As the fight unfolds, the good news there’s still a distinct power advantage over the grunts: they’re getting lucky with their damage (particularly on Dougie), but even that’s just letting them keep things close; they’re not really in any danger of winning. Eventually, the dice luck starts to even out, and we clear the first room in pretty good shape.
So we decide to go for the next, larger room, and things get more interesting as the boss and his bugbear bodyguard join the fray. If you’re following the action, Dougie is basically toe-to-toe with Overseer Kepse, Lo Mang is basically dealing with goblin adds, and the boss is off to the north… at first, not doing THAT much beyond the initial smokestick.

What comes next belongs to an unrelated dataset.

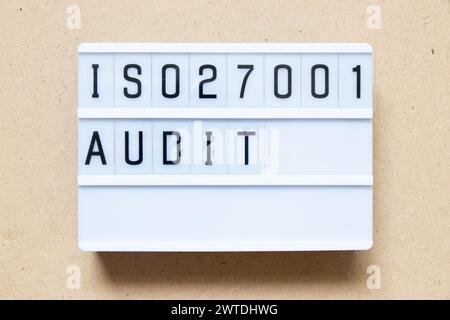Lightbox with word ISO 270001 audit on wood background Stock Photo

Speaking of which, the other issue is that between that smokestick and the shape of the room (with extensions that go off to the east and north), Gomez and I have to manage sightline issues to stay relevant in the fight. It never takes us out of the fight entirely but there were rounds where we didn’t have a lot of choices in terms of how we could help out.
Results are mixed at first. On the good side, Lo Mang is taking care of the adds pretty easily, and they’re not putting much damage on him. On the flip side, Dougie not only gets dropped, but then I arguably play it too cautious and fail a flat check to apply Battle Medicine to him. We’re at a point where things could go either way: if we can get Dougie up, it mostly becomes a 4-v-1 pinata party, but if the bugbear can get into us squishies, we may need to send someone running for the theoretical cavalry waiting outside.
And then, I finally get a big round where all my tricks come together, and it almost singlehandedly takes Kepse out of the fight. My first ever cast of Color Spray puts Kepse on her heels (stunned and blind), and then a successful fight and a dose of spider venom applies a d10 of damage every round.. above-and-beyond making her flat-footed to everyone for the foreseeable future. Which is… however long it takes Dougie to get back onto his feet and smack her out of the fight for good.
At this point, the momentum swings for good. We go through another round of combat… and when the wheel comes back to me… I don’t know if it’s meta-gamey, or just acknowledging the swing in the action – consider that he just missed me three times and then I critted him — but since Kepse was described in our mission briefing as the “bodyguard”, I figured maybe this “boss” isn’t that great a fighter and might surrender if we offer him the chance. So… offer made… and after a final encouraging zap from Gomez, he accepts. Victory!
That doesn’t mean the overall is totally over. There are several rooms that haven’t been explored yet, and this guy isn’t the named boss (Pierson Droan) with the “interesting globe” in his office. Nor have we found any proof of the smuggling that’s going on… if you want to get technical. But this fight was at least taxing enough we’ll take a real short rest before tackling the rest of the complex. Gotta at least slap some duct tape on Dougie’s wounds.